**ENTRIES PROVIDED**
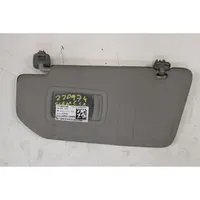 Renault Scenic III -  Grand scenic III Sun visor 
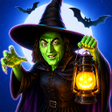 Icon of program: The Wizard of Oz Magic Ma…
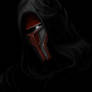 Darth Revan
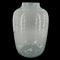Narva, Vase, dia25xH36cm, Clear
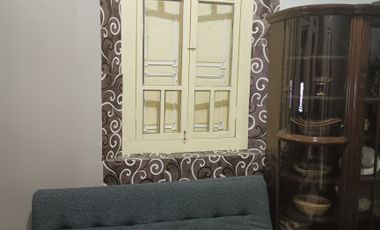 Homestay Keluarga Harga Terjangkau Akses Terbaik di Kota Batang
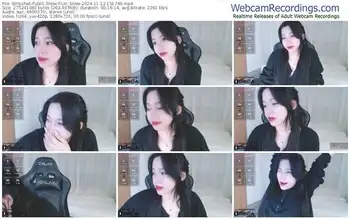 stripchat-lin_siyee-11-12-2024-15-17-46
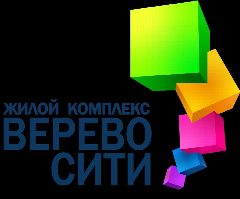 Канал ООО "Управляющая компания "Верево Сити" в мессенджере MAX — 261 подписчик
...
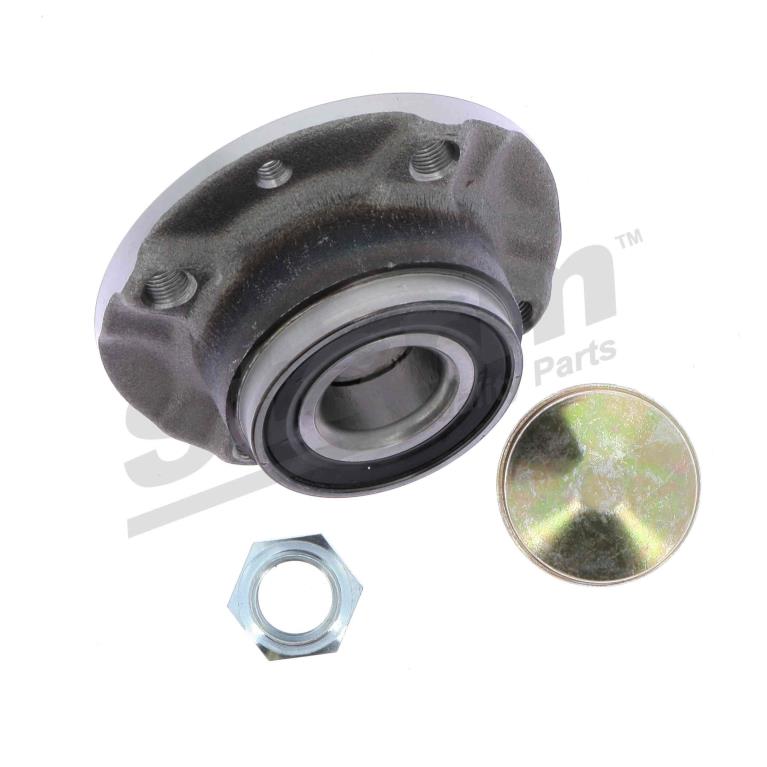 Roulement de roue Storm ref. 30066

**BRIEF**
Reproduce the listing above exactly from the line containing "Renault Scenic III" up to and including the line containing "MAX — 261 подписчик", omitting any images and everything outside those lines.

**OUTPUT**
 Renault Scenic III -  Grand scenic III Sun visor 
 Icon of program: The Wizard of Oz Magic Ma…
 Darth Revan
Narva, Vase, dia25xH36cm, Clear
 Homestay Keluarga Harga Terjangkau Akses Terbaik di Kota Batang
 stripchat-lin_siyee-11-12-2024-15-17-46
 Канал ООО "Управляющая компания "Верево Сити" в мессенджере MAX — 261 подписчик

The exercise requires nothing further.